Ahem.  Anyway.  Vampire State of Mind, for such is the novel of our current conversation, is poised, trembling in the slips.  No, it's not hiding in my underwear drawer, besides, do I look to you like the sort of person who wears a slip?  Quite frankly, you are lucky I'm wearing knickers, never mind the more ethereal of undergarments.
The underwear du jour...
There is, you should be warned, nothing ethereal whatsoever about my knickers. But, that's fair enough, since there is nothing ethereal about my bottom. If you are looking for something ethereal, here you go...

Ether, either, let's call the whole thing off... Sorry.

Now, you see what you have done?  I arrived here all full of straining eagerness to talk about my vampires, and now you've got me on to the twin subjects of underwear, and your chest. You really know how to lower the tone, don't you? Anyway.  What I was going to talk about, before you started on about nether regions and stuff, was how I came to be writing about vampires in the first place.  Well, I shall tell you, lovely people who aren't at all underpant-obsessed...

One day I started wondering.  Oh, I don't know which day.  Maybe it was a Sunday.  Yes, let's say it was a Sunday.. I was wondering about general vampire fiction, where human women fall madly in love with a vampire and, inexplicably in most cases, this love is returned, and this is where I started wondering... how the hell does she think this is going to work?  I mean, in twenty years' time, he's still going to look young and gorgeous and she's going to look a bit...well, let's face it, large underwear is going to be worn, isn't it? And bits are going to be heading south, and, given another ten years she's going to start forgetting where she put the car keys and why she's still got her slippers on, and in another twenty years people are going to think she's his grandmother - so how can it possibly work?  Without her becoming a vampire and therefore the entire book being about two perfect, immortal people being perfect and immortal together?  Which, come on, isn't exactly something we can all relate to, is it?

I mean, essentially, we are looking at this

Ian 'sometimes plays a vampire' Somerhalder

going out with this

Generic old woman. Well, a mask really.  So as not to offend real old women.
and I think we can all see the discrepancy, can't we?  If we can't, I suggest that we take a visit to SpecSavers, which might just save us from a long, and humiliating series of failed dating experiences.

And this then got me thinking about why a vampire might love a human, and how it must feel to be nearly immortal and constantly watching people you love die.  Like being Doctor Who.  And then I started thinking about how your personality would change if that happened, and what kind of a person you would become.  No, not you, I already know what kind of a person you are. You're obsessed with knickers, for a start.

So I wrote Vampire State of Mind. About people.  Some of them are vampires.  Some of them can't work an electric pencil sharpener, some of them have absolutely no sense of humour, and some of them are severely addicted to HobNobs, but they are all people, underneath.

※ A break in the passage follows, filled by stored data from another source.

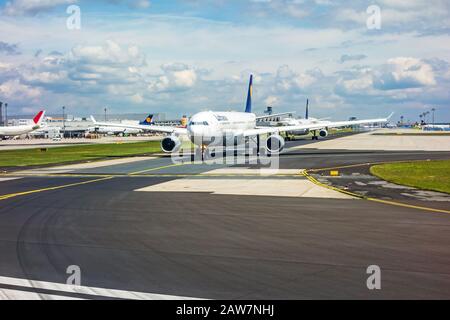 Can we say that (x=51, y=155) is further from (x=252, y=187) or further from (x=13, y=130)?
(x=13, y=130)

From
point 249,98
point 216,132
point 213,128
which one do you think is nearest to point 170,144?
point 216,132

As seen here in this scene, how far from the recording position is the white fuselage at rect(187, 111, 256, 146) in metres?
47.8

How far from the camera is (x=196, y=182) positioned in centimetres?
3117

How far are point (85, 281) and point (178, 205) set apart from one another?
11292 millimetres

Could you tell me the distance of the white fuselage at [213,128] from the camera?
157 ft

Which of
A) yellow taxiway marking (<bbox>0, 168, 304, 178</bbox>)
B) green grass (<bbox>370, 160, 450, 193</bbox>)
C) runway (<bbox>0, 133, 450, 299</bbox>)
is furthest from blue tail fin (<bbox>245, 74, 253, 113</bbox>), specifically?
runway (<bbox>0, 133, 450, 299</bbox>)

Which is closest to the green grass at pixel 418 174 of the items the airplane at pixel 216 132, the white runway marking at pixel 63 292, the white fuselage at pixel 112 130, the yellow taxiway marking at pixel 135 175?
the yellow taxiway marking at pixel 135 175

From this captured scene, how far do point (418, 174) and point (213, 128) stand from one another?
2148 cm

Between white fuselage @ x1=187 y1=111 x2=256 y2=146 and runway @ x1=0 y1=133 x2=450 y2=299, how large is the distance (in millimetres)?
21132

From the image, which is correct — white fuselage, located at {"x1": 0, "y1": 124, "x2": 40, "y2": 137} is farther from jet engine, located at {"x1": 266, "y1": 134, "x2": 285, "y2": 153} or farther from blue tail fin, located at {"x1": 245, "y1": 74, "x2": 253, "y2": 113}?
jet engine, located at {"x1": 266, "y1": 134, "x2": 285, "y2": 153}

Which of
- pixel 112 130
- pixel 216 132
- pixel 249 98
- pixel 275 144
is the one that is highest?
pixel 249 98

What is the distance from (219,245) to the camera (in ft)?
47.6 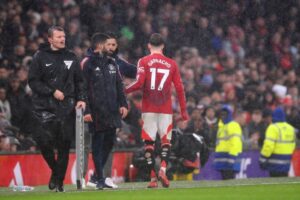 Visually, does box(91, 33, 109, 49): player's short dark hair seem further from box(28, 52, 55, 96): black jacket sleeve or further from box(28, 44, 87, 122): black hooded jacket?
box(28, 52, 55, 96): black jacket sleeve

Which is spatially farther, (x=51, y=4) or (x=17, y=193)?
(x=51, y=4)

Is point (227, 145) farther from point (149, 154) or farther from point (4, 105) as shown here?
point (149, 154)

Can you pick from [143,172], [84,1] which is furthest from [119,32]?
[143,172]

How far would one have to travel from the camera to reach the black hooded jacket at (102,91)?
49.6ft

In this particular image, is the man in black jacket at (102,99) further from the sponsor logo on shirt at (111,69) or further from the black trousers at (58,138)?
the black trousers at (58,138)

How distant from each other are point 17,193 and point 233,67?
1349cm

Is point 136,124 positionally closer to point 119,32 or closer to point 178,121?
point 178,121

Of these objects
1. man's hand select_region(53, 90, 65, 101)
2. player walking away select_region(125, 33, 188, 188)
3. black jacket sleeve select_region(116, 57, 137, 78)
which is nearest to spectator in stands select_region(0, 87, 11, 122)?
black jacket sleeve select_region(116, 57, 137, 78)

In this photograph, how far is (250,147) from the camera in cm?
2270

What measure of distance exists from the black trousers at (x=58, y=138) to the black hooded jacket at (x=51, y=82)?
90 mm

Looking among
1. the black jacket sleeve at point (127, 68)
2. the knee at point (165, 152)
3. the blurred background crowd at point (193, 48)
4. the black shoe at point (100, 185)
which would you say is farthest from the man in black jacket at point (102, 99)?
the blurred background crowd at point (193, 48)

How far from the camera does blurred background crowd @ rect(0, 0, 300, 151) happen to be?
20.7 meters

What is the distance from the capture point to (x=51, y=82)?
47.5ft

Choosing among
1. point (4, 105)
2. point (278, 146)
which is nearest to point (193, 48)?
point (278, 146) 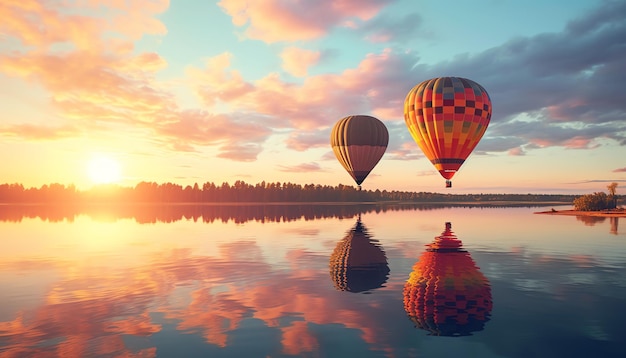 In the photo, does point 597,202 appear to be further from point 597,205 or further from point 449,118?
point 449,118

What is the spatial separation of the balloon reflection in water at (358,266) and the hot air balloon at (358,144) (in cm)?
3567

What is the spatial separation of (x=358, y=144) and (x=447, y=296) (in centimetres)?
6250

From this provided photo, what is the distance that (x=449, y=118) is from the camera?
198 ft

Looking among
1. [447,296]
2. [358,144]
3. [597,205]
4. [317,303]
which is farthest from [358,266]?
[597,205]

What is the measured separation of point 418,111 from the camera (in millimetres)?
63406

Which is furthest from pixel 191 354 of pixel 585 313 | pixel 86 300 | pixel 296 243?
pixel 296 243

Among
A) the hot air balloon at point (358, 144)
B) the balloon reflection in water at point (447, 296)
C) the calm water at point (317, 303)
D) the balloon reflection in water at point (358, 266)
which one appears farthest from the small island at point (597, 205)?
the balloon reflection in water at point (447, 296)

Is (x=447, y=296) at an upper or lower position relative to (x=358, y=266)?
lower

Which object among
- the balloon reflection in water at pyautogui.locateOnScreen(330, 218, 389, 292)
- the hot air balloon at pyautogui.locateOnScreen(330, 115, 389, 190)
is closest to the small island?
the hot air balloon at pyautogui.locateOnScreen(330, 115, 389, 190)

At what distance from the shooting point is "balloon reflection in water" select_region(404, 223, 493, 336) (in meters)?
18.7

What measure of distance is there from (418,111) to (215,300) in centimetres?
4720

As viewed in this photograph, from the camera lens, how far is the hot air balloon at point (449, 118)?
60469 mm

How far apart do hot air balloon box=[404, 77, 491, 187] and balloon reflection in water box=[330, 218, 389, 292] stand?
1902cm

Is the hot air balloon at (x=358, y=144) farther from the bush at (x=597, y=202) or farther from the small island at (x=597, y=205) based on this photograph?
the bush at (x=597, y=202) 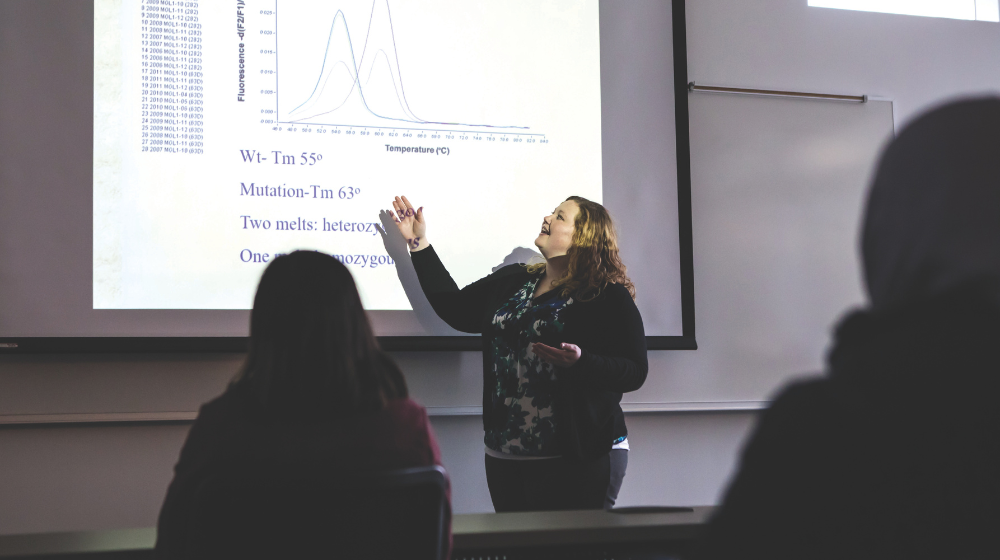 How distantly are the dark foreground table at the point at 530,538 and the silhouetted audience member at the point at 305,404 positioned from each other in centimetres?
17

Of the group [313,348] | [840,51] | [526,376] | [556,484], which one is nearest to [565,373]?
[526,376]

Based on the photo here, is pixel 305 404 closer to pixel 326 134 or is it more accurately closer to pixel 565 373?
pixel 565 373

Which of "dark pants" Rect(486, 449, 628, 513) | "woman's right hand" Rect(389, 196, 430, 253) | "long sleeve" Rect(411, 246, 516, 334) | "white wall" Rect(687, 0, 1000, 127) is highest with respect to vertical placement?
"white wall" Rect(687, 0, 1000, 127)

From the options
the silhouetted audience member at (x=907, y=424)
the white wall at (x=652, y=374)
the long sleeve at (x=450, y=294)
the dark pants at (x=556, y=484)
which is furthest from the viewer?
the long sleeve at (x=450, y=294)

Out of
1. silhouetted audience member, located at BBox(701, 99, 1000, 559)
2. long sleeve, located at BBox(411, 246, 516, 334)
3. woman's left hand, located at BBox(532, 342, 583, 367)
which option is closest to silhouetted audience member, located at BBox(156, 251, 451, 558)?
silhouetted audience member, located at BBox(701, 99, 1000, 559)

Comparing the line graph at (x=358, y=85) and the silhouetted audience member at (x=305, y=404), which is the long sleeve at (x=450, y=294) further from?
the silhouetted audience member at (x=305, y=404)

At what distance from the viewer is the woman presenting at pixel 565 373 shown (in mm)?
1882

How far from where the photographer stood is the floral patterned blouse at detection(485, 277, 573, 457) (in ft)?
6.24

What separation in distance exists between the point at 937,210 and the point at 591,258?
58.7 inches

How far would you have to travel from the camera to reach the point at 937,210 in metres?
0.52

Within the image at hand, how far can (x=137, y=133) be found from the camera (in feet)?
6.84

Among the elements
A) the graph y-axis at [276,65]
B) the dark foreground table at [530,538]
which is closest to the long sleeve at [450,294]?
the graph y-axis at [276,65]

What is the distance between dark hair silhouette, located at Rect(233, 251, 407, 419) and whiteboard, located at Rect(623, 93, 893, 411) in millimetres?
1682

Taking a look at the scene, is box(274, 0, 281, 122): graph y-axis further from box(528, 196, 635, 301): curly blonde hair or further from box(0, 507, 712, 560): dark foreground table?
box(0, 507, 712, 560): dark foreground table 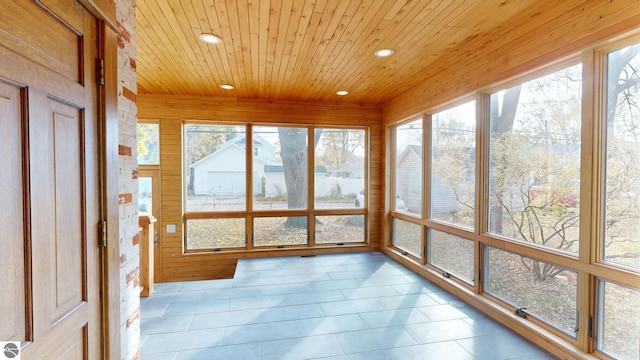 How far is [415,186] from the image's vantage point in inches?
171

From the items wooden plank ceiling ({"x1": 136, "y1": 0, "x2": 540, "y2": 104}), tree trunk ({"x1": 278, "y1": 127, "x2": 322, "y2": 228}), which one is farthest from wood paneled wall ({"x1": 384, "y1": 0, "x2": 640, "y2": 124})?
tree trunk ({"x1": 278, "y1": 127, "x2": 322, "y2": 228})

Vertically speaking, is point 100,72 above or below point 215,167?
above

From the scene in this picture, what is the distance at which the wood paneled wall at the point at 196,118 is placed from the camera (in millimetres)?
4594

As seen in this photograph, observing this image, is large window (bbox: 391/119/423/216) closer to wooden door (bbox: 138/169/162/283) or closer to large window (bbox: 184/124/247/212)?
large window (bbox: 184/124/247/212)

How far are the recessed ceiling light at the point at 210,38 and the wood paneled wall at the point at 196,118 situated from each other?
201 cm

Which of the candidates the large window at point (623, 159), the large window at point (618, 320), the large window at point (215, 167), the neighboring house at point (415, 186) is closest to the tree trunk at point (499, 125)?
the neighboring house at point (415, 186)

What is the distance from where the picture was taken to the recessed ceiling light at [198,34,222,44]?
8.85 ft

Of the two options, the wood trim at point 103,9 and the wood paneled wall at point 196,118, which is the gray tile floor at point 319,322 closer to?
the wood paneled wall at point 196,118

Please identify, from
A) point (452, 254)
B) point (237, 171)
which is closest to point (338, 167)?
point (237, 171)

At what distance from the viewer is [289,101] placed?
4961 millimetres

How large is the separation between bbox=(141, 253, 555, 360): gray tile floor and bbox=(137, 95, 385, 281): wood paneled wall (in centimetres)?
113

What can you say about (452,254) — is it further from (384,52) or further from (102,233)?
(102,233)

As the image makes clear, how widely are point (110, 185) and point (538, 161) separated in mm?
3138

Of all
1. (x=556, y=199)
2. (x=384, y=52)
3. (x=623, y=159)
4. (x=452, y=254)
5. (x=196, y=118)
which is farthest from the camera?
(x=196, y=118) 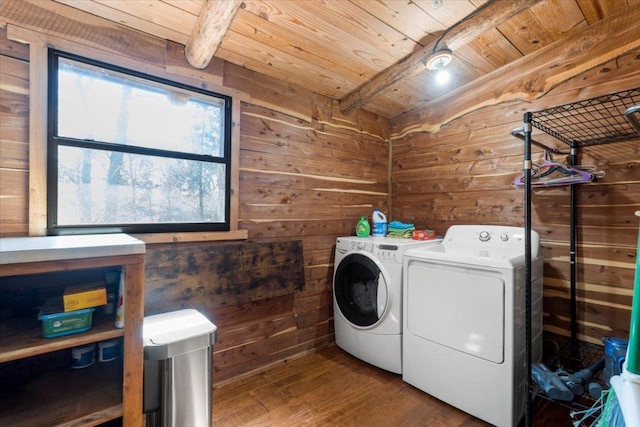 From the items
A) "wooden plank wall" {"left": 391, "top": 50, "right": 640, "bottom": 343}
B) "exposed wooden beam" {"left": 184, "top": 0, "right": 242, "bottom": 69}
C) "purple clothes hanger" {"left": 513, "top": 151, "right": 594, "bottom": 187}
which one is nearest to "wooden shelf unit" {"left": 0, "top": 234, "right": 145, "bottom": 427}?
"exposed wooden beam" {"left": 184, "top": 0, "right": 242, "bottom": 69}

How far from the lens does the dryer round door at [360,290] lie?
2037mm

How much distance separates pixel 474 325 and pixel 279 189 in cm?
153

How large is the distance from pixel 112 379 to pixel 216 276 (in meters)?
0.70

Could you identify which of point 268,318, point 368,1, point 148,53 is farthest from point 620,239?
point 148,53

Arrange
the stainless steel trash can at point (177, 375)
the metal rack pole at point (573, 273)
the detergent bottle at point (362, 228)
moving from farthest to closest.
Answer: the detergent bottle at point (362, 228) → the metal rack pole at point (573, 273) → the stainless steel trash can at point (177, 375)

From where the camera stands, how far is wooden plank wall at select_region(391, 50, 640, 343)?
169 centimetres

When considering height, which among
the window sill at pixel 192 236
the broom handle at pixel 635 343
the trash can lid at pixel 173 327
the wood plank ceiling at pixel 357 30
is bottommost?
the trash can lid at pixel 173 327

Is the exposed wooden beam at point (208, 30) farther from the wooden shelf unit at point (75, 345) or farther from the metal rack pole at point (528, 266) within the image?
the metal rack pole at point (528, 266)

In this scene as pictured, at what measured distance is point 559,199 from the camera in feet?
6.29

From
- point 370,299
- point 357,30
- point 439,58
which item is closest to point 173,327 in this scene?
point 370,299

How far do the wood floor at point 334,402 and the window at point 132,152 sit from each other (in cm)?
108

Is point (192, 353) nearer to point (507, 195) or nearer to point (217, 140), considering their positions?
point (217, 140)

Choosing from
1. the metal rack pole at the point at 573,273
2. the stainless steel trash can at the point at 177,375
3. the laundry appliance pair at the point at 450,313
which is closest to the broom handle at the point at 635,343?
the laundry appliance pair at the point at 450,313

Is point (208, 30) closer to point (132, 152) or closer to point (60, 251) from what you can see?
point (132, 152) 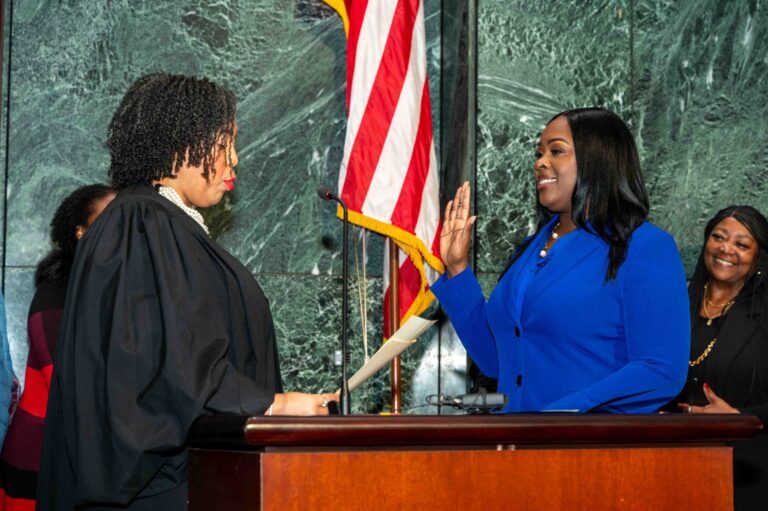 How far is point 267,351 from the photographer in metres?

Now, if you'll excuse me, I have to go and look at that picture of Ian Somerhalder again, for a while.  About a week should do it...

2 comments:

Sharon Goodwin said...

Love to read your ramblings :) you always make me smile in your blog posts. Vampire State of Mind is after the one I'm reading now and I'm really looking forward to it (hope you're not still laying down and hardly breathing ...)

Chris Stovell said...

That is a very good point, oh full of wisdomosity one - and another good reason to read VSoM!